> [ASSIGNED TASK]:
Set out exactly every line of the entries below, starting at the line that holds "Kadınlar toplantı brifinginde" and stopping after the line that holds "Man with arm in sling.".

> [MATERIAL SHOWN]:
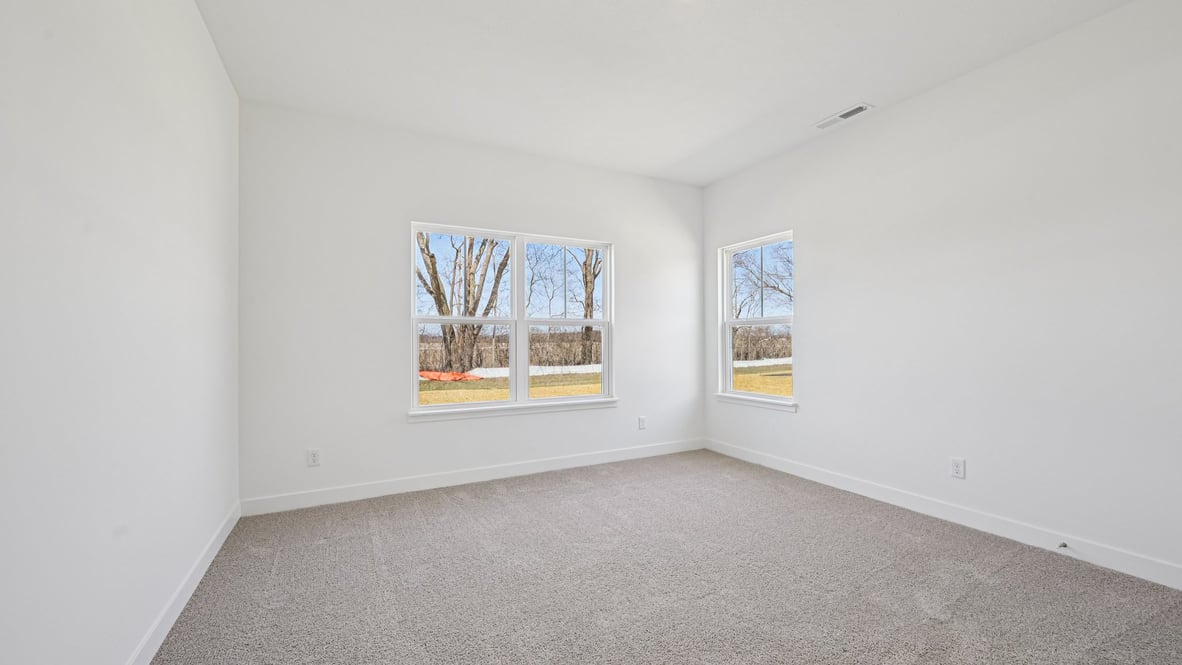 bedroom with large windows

==

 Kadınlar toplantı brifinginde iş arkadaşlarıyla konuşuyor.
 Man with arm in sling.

> [SOLUTION]:
 Kadınlar toplantı brifinginde iş arkadaşlarıyla konuşuyor.
 Man with arm in sling.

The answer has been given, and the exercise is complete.